We ran for the door, careful not to fall in the hole I had opened in the floor. The distance wasn’t far, and the emergency lights, though dim, gave us enough illumination to see where we were going. On our way to the exit, I remembered the steel cage that Melody had told me was hidden in the wall above the doorway, designed to fall in the unlikely event of an assault on the building by external forces, protecting the information inside. No sooner had the thought entered my mind than a light bar over the door glared red.

“No!” I ran full out, but I had only reached the first step when the massive portcullis smashed into place with an impact that shook the floor. The sound repeated around the giant room as similar steel barriers fell, blocking all the entrances to the server room and its precious cache of data. And trapping us inside.

I took the stairs two at a time and yanked stupidly on the steel bars, but they didn’t budge. Melody and Andrew appeared on the other side, faces grim with concern. Melody started to speak, but I cut her off.

“Get out of here,” I said. “Don’t wait for us. Get everyone out while you still can.”

CHAPTER 26

“It doesn’t make any sense,” Shaunessy said. “A fungus may resemble a computer network, but it’s organic. It communicates through nutrients and enzymes and chemical neurotransmitters. It can’t interface with an Ethernet cable or make sense of network protocol.”

“It doesn’t need to,” I said. “This cable is unshielded. That means the hyphae wrapped around it are bathed in the electromagnetic radiation coming from those wires. It’s what we sometimes do to tap enemy networks.”

“But we know the protocols. We know how raw signal is converted into useful information. The fungus doesn’t.”

“Again, I don’t think it needs to. It’s a giant neural network. Data goes in, the network responds, and then it gets feedback. The feedback enables it to strengthen neural paths that give favorable results. It doesn’t need to understand the data in order to learn from it. It’s the same behavior it uses in a forest, only with a different kind of data. Paul talks about it ‘learning’ and making ‘coordinated responses’ and ‘collective decisions,’ but it’s not really deciding anything, not like we do. It’s just strengthening pathways that give it the best feedback and culling those that don’t.”

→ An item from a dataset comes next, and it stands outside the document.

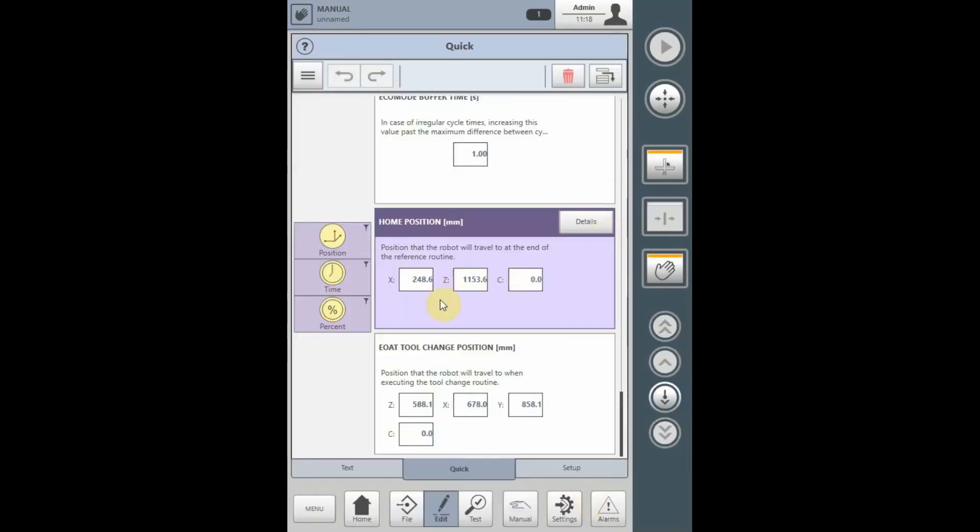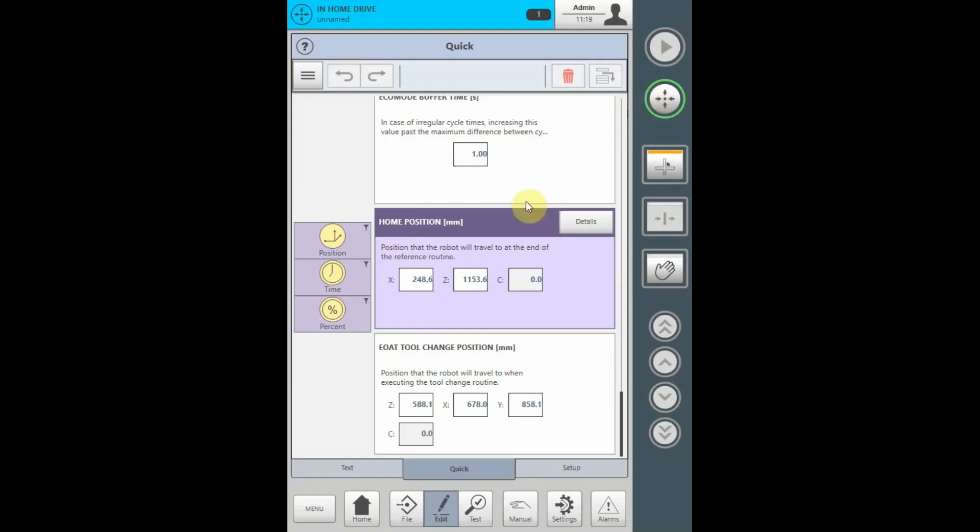The y-axis is always defaulted to zero and will not need to be taught. Once the home position is recorded in the quick edit parameter, every time the robot is referenced or homed, it will drive to the specific position.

She thought for a minute. “I don’t buy it. The data running through these servers affects things far away. Equipment off site, communication with other agencies, the indirect effects of human decisions based on the data. I don’t see how just accessing the data would be enough, not without the intelligence to interpret it at some level.”

I looked around. “Where is everyone else?”

“Who?” she said.

“The server staff. There are always people in here, maintaining the racks. Where are they?”

“They must have gotten out.”

Understanding dawned in both of us at once. “They were infected,” I said. “That’s the other piece of the puzzle. The fungus did have intelligence to help it understand what it found.”